Écrit par Logan
Le mois dernier, j’ai eu la chance de participer à une retraite à l’Institut Européen du Bouddhisme Appliqué (EIAB) en Allemagne. C’est arrivé au moment où beaucoup de changements avaient lieu dans ma vie —le plus important étant peut être la façon dont je considère la sexualité.
Quelques semaines avant de venir à l’EIAB, j’étais en train de contempler le Troisième Entraînement à la Pleine Conscience en particulier. Ma relation avec cet entraînement a été spécialement tumultueuse. La sexualité a joué un grand rôle dans ma vie depuis mes dix-huit ans. Pendant le déroulement de la retraite, j’ai passé beaucoup de temps à revenir sur mes expériences de « sexe pour le sexe » et la façon dont elles avaient affecté ma vie.

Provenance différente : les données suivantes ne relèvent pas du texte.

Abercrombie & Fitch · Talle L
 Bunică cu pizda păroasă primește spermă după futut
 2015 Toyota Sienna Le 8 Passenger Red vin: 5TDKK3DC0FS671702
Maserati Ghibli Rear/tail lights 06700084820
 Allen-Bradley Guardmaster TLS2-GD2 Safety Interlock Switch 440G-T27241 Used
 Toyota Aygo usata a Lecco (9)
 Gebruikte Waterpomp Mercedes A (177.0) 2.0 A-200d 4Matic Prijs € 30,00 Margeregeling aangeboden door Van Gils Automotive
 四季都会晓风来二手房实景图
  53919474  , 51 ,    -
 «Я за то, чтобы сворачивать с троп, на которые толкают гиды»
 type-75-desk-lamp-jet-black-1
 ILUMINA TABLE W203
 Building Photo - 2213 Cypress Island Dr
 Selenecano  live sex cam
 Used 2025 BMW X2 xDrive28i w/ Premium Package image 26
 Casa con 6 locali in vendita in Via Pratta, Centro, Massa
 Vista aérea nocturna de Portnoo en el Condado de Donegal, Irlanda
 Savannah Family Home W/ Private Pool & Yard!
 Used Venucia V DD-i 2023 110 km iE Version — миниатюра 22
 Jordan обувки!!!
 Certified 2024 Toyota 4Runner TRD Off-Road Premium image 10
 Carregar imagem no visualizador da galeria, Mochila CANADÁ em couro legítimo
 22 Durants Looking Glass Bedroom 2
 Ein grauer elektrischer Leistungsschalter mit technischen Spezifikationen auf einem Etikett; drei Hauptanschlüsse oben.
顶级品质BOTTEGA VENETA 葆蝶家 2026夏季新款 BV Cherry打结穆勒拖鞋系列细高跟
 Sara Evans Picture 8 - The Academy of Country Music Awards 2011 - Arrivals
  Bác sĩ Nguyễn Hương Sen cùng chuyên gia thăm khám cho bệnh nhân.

J’ai fait la découverte d’un de mes schémas de comportement : dès que ma pratique de la pleine-conscience était très solide, je n’allais pas à la rencontre de gens juste pour le sexe. Dès que ma pratique de la pleine-conscience était plutôt dispersée, je faisais des rencontres de « sexe pour le sexe » et parfois, je n’avais même pas de conversation avec la personne avant de passer à l’acte : rien à voir avec « …de l’amour véritable et un engagement profond et durable connu de la famille et des proches ». J’espérais découvrir que cet entraînement était exagéré, que j’avais raison, et que tout ce « sexe pour le sexe » était très bon pour ma pratique de la pleine conscience. Pas vraiment. La vérité peut terriblement déranger les envies et les désirs.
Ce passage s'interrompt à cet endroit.